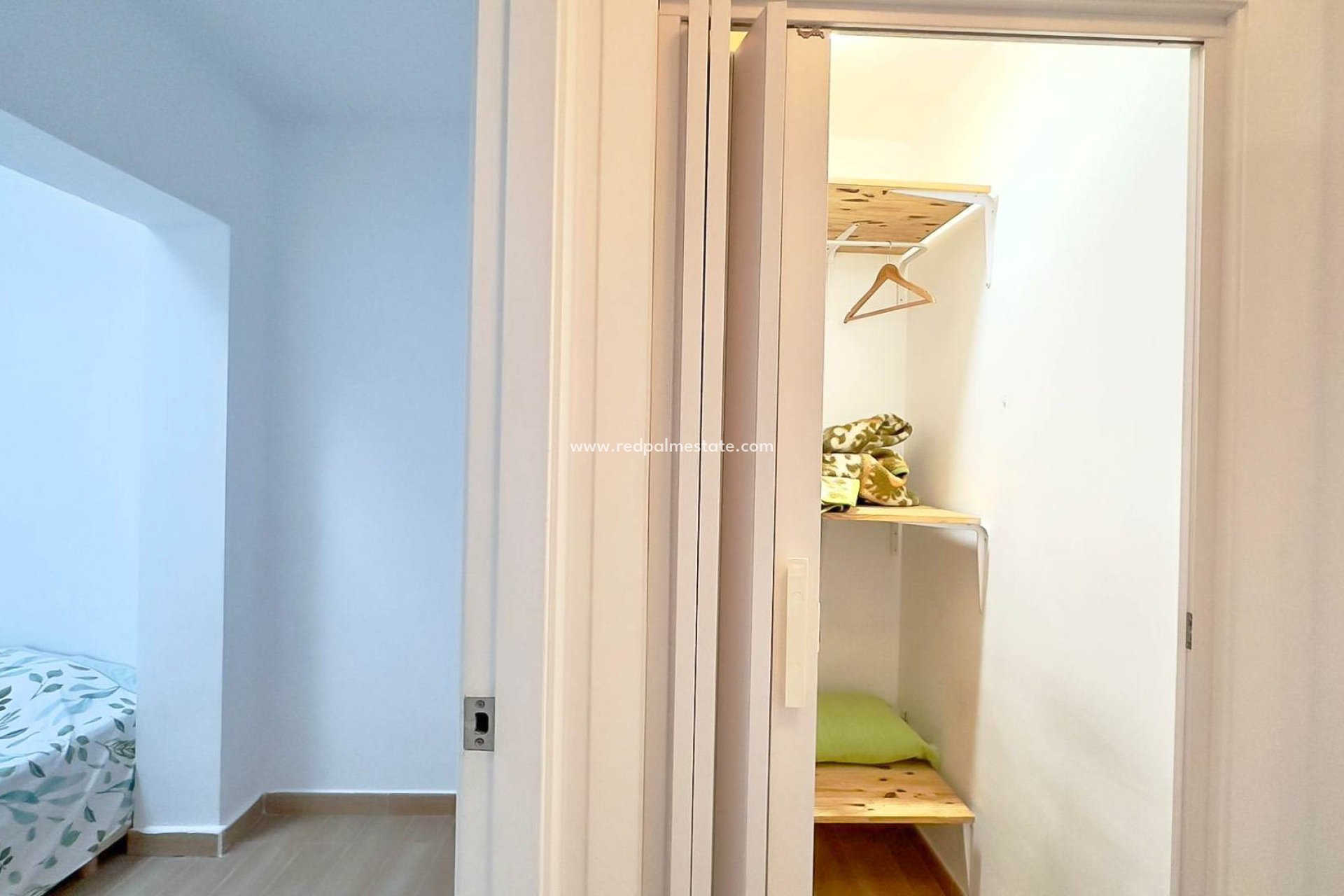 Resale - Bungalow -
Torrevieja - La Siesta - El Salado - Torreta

---

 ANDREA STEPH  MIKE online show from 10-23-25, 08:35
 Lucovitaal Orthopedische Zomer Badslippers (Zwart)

▸ Exercise prompt
Start with the line with "Resale - Bungalow" in the listing above and stop after the line with "Torrevieja - La Siesta - El Salado - Torreta". Write out exactly the lines in that stretch and no others, without pictures.

▸ Written solution
 Resale - Bungalow -
Torrevieja - La Siesta - El Salado - Torreta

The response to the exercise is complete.